Yayoi Kusama, LOVE IS CALLING

 

Long a sanctuary for the local art community, Boston’s Seaport has for the last few years been undergoing a dramatic transformation that has seen a new wave of dining and high profile retail enter the area, as the city also tries to ensure that funding for those artists remains intact. It also hosts some of our fave East Coast city’s most buzzworthy art happenings, as was most definitely the case on our most recent visit.

And indeed, with word that one of the most influential living American artists, Frank Stella, was set to unveil his latest public mural – a new edition of Damascus Gate – we Amtrak’d it north to be a part of it, and take in a some of the area’s notable spots in the process.

Here’s what we did.

 

ICA

 

Frank Stella, ‘Damascus Gate (Stretch Variation 1)’

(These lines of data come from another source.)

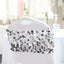 5 Pack Big Payette Sequin 13"x10" Chair Sash Bands Silver - Stylish Glittering Decor for Weddings & Gatherings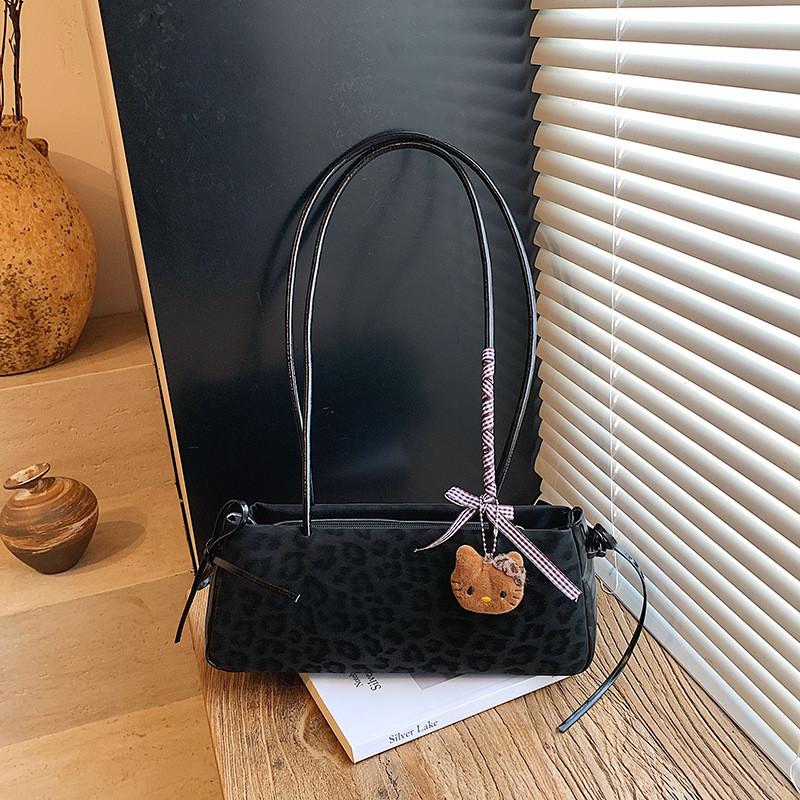 Leopard Print Tote Bag For Women Large Capacity Pu Casual Street Fashion Daily Use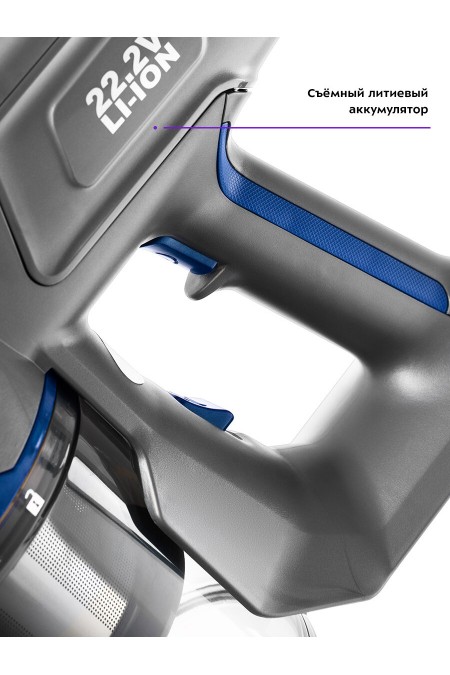 Вертикальный пылесос Kitfort KT-541-1 (голубой) 7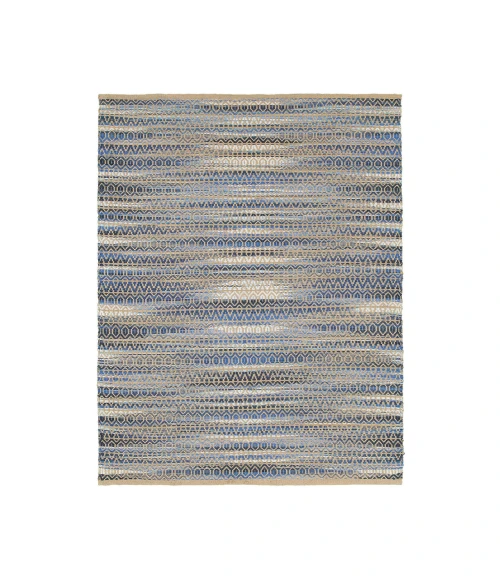 LR Home NATURAL FIBER 3330 Blue 9' X 12' Rect. Rug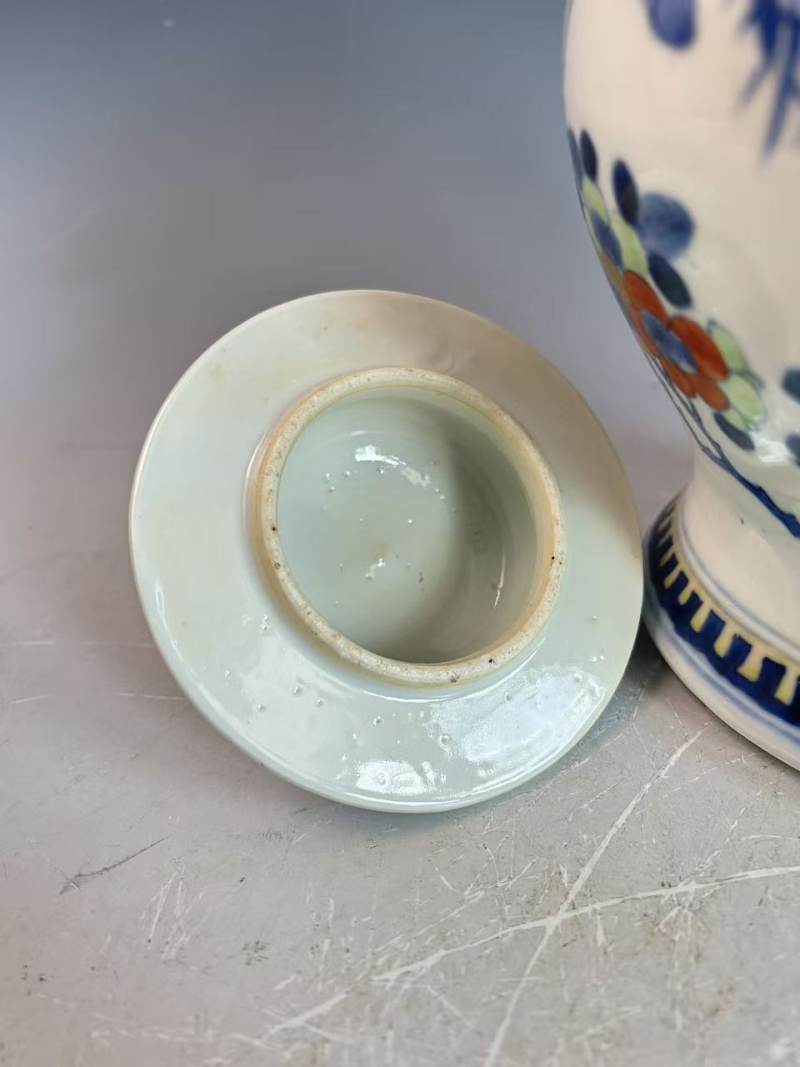 清光绪 五彩刷金将军罐 - 图6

Marking the exalted artist’s return to his home city, Frank Stella unveiled a replica of Damascus Gate (Stretch Variation 1) on an office building along the main thoroughfare in the Seaport district (60 Seaport Boulevard, to be exact). Stella, a native of Malden, is a celebrated painter, sculptor and printmaker, working in the areas of minimalism and post-painterly abstraction. And taken from his legendary 1970s protractor series, the new work felt as fresh now as it did then.
Over champagne and bites, the octogenarian humbly waved off the accolades being showered upon him from an adoring crowd, in favor of a knowingly mischievous grin…which we couldn’t help but notice. Oscar-nominee Amy Adams even made an appearance, chatting with Frank and looking gorgeous in Prada from head to toe.
It’s a real get for the Seaport, the installation having been Commissioned by Boston-based WS Development in conjunction with New York’s Marianne Boesky Gallery. The colorfully abstract geometric mural now boldly stops onlookers in their tracks. Perhaps a harbinger of more public works to come?

Institute of Contemporary Art (ICA)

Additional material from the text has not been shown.